If I seem a bit cynical in contrast to Ellis’ obvious compassion for her subject, let me declare an interest. I don’t like chickens, oh no. I eat them of course, although the cloying texture and relative lack of taste make it far from my favourite meat. But the idea of having tender feelings for the live birds strikes me as frankly squawking mad. Regular readers will know that, in an anthropomorphic age when those who suggest that man is superior to beast are branded ‘speciesists’, spiked writers rightly insist upon drawing a clear and uncrossable line between humanity and the ‘animal kingdom’. I am tempted to add a personal, admittedly unscientific, distinction between other animals and the chicken.
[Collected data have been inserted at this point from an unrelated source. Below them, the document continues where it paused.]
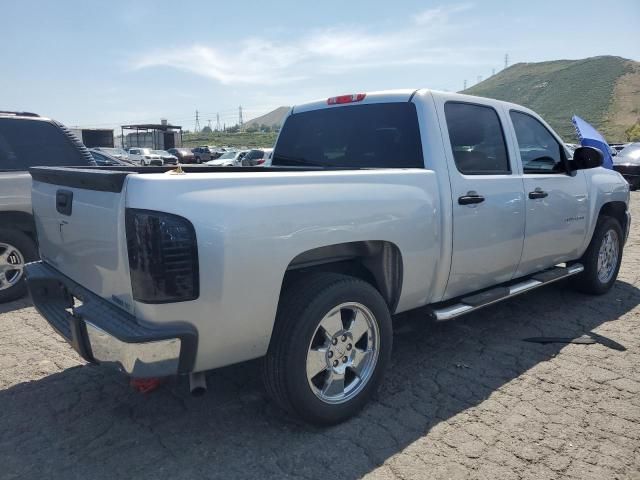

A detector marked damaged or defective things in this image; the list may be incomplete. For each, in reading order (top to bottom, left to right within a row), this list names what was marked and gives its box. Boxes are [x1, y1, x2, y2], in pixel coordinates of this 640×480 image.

cracked asphalt [1, 200, 640, 480]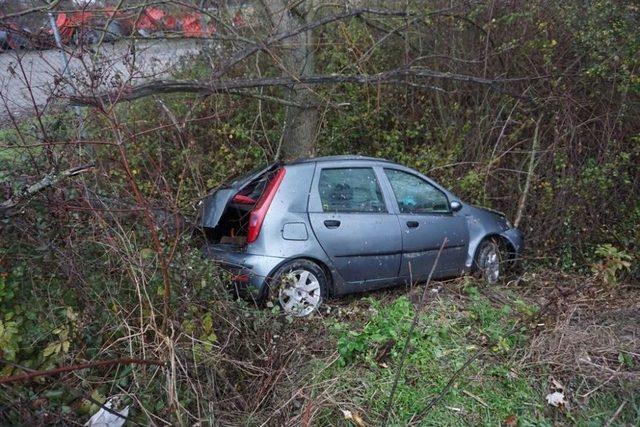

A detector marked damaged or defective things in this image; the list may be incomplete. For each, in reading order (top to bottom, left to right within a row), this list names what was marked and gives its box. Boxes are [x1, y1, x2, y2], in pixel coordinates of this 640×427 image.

broken rear light [245, 168, 284, 244]
damaged car [200, 155, 524, 316]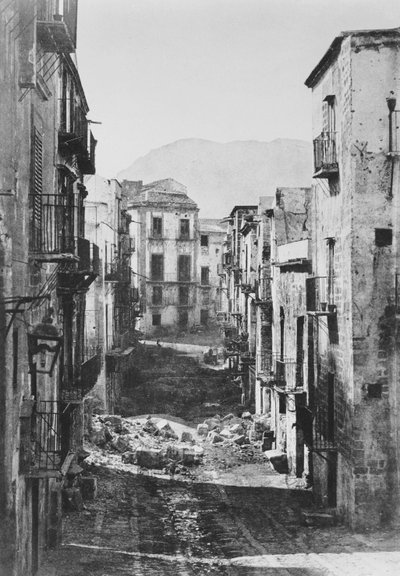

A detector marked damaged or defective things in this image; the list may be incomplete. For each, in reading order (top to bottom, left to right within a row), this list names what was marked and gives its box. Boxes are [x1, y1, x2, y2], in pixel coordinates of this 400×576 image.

damaged building facade [0, 2, 100, 572]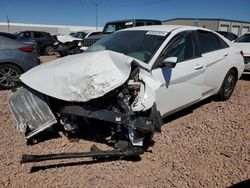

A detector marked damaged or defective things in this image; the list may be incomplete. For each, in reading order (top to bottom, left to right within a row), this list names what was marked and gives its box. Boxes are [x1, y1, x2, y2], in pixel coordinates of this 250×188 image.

crumpled hood [20, 50, 134, 101]
front-end damage [7, 50, 162, 163]
other damaged car [7, 25, 244, 164]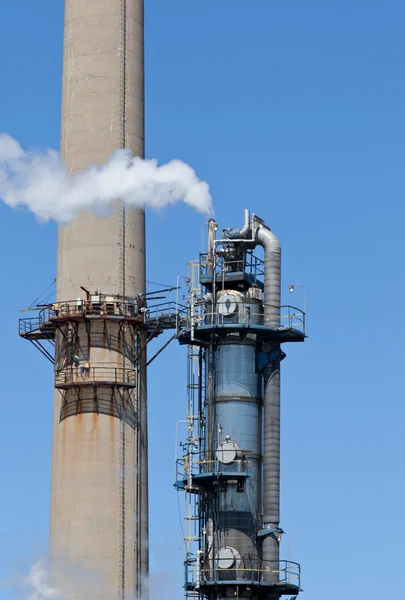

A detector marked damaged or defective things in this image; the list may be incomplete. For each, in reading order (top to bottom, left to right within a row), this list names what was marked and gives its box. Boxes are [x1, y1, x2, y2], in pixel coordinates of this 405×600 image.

rusty industrial chimney [49, 2, 147, 596]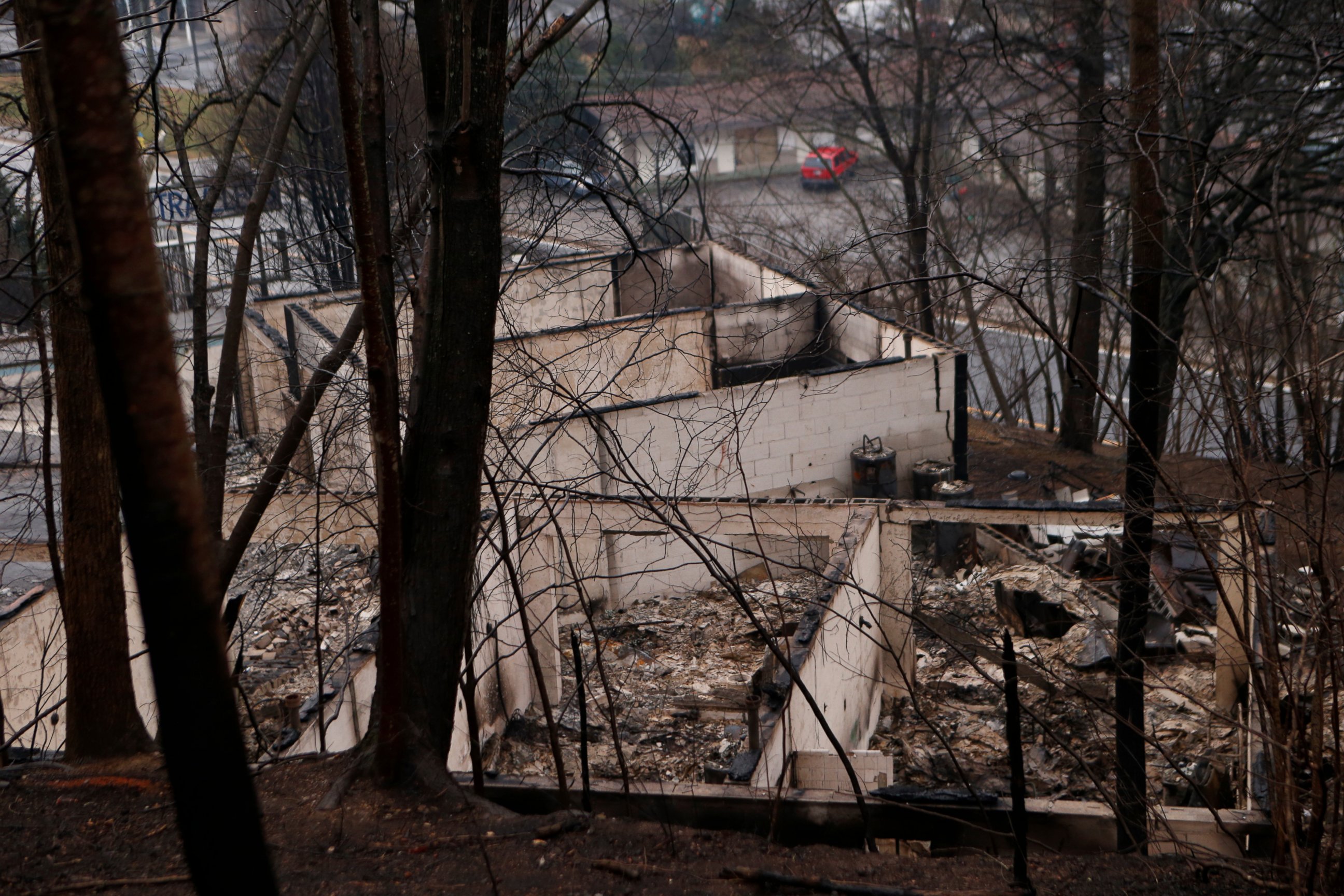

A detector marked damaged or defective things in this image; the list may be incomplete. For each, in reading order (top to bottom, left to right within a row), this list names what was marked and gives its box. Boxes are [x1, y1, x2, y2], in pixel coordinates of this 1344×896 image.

burnt post [1005, 634, 1032, 892]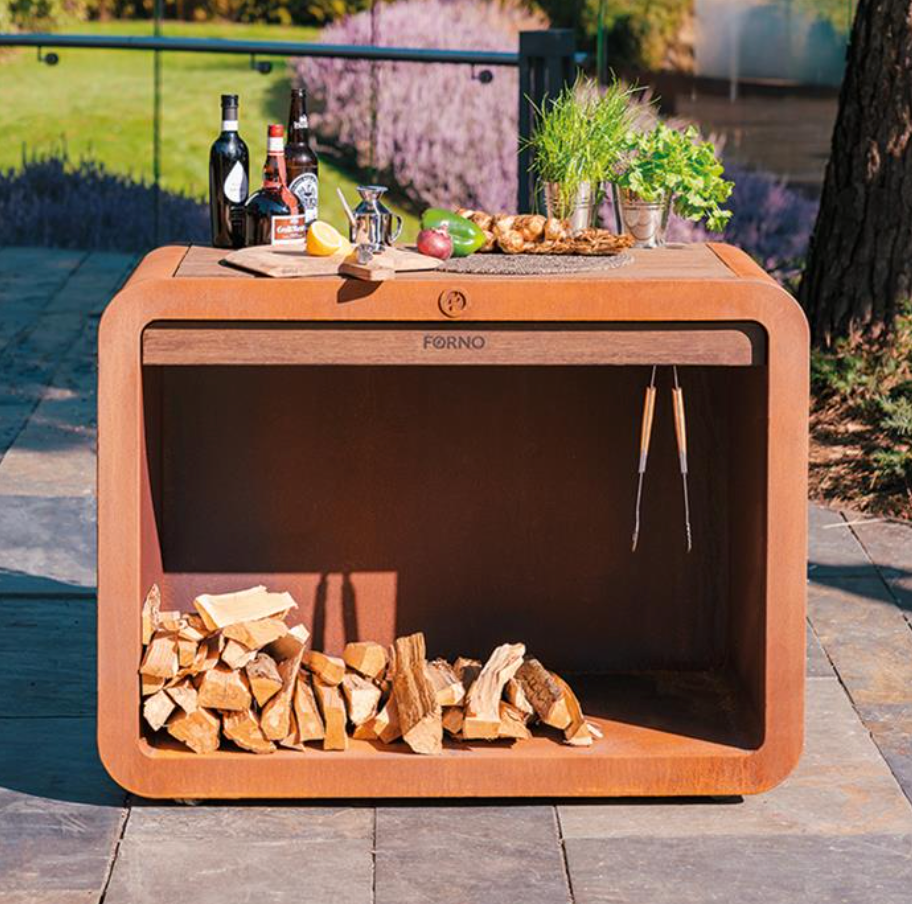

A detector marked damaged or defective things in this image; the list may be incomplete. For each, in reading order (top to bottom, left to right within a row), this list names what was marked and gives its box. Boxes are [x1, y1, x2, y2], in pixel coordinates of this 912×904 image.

rusted metal cabinet [100, 240, 808, 800]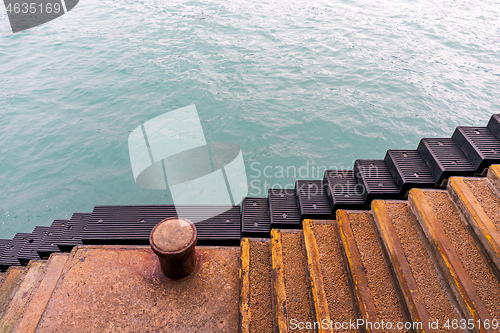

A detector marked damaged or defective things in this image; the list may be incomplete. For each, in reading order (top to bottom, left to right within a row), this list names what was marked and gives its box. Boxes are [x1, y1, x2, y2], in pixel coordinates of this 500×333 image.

rusted concrete surface [36, 244, 239, 332]
rusty orange step [408, 187, 500, 332]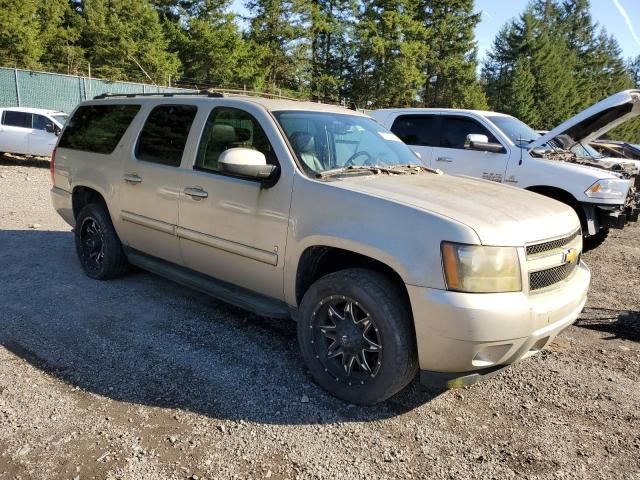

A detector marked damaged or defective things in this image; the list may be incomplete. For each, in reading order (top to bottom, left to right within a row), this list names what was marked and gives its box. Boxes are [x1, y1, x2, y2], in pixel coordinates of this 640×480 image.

damaged white suv [53, 92, 592, 404]
damaged white suv [370, 87, 640, 249]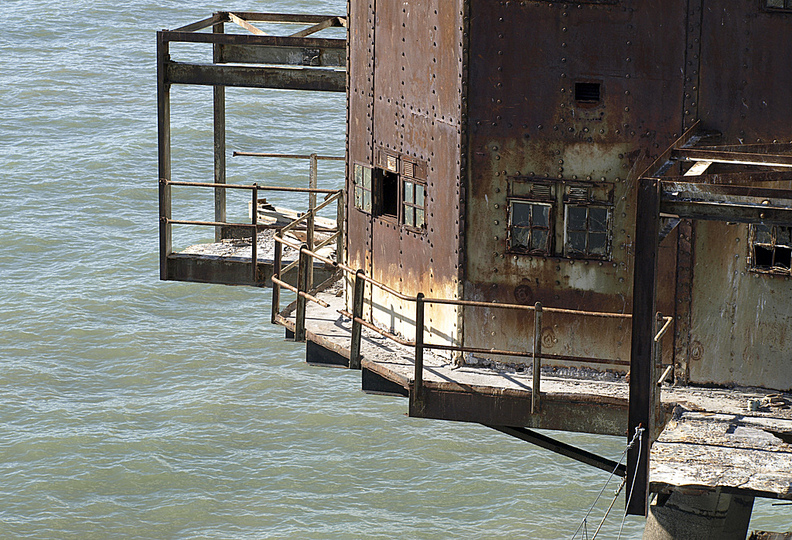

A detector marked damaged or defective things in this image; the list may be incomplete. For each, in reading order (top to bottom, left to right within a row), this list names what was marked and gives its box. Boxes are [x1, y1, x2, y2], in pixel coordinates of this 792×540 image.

corroded metal panel [700, 0, 792, 143]
broken window [354, 162, 372, 213]
rusted metal wall [344, 0, 464, 346]
broken window [402, 179, 426, 230]
rusty steel structure [158, 0, 792, 524]
broken window [508, 201, 552, 254]
rusted metal wall [464, 0, 688, 368]
corroded metal panel [464, 0, 688, 368]
broken window [564, 205, 612, 260]
rusted metal wall [684, 0, 792, 388]
broken window [748, 225, 792, 272]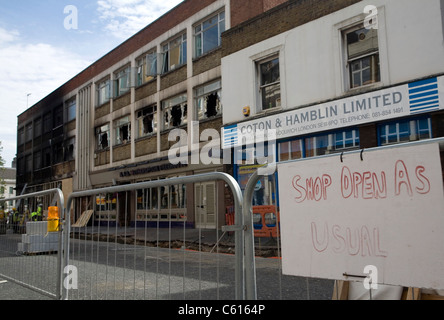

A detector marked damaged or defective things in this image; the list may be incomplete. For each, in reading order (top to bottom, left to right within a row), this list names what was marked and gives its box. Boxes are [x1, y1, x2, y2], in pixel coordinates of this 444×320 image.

broken window [115, 116, 131, 145]
broken window [137, 105, 158, 138]
burnt window [137, 105, 158, 138]
broken window [163, 94, 187, 130]
burnt window [163, 94, 187, 130]
broken window [195, 80, 221, 120]
burnt window [195, 80, 221, 120]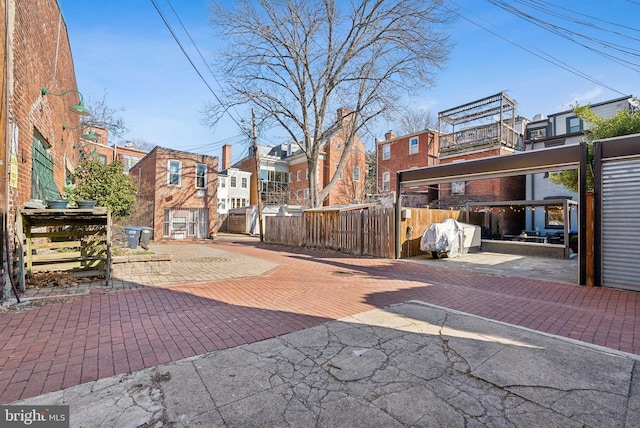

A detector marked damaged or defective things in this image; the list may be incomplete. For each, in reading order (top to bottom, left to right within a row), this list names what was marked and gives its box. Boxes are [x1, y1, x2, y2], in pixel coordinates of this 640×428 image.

cracked concrete [11, 300, 640, 428]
As a young man I worked one summer on a Ministry of Agriculture farm, where I soon discovered the chickens we were supposed to be caring for were horrible, cannibalistic balls of faeces and feathers, an unpleasant underclass of the farm bird world. One morning a couple of other student summer workers and I were sent into a shed in huge souwesters and raincoats and told we had half an hour to ‘clear’ – that is, kill – the 200-odd chickens occupying it with our bare hands; we soon discovered that the rainproofs were for when you pulled a neck too hard and the head came off, turning the bird into a blood-spurting chicken pistol. I am sorry to report to chicken lovers that no tears were shed in the killing shed, either by hen or human.

Some animal rights’ activists might suggest that this shows I suffer from an irrational ‘henophobia’ bordering on fascism (after all, that Nazi Himmler started off as a chicken farmer you know). But an unsentimental attitude towards farm animals is actually sensible and human. Those who have to work with them for a living have always been the most clear-eyed about these matters – at least until the advent of hobby farmers who give their hens names like ‘Chickpea’.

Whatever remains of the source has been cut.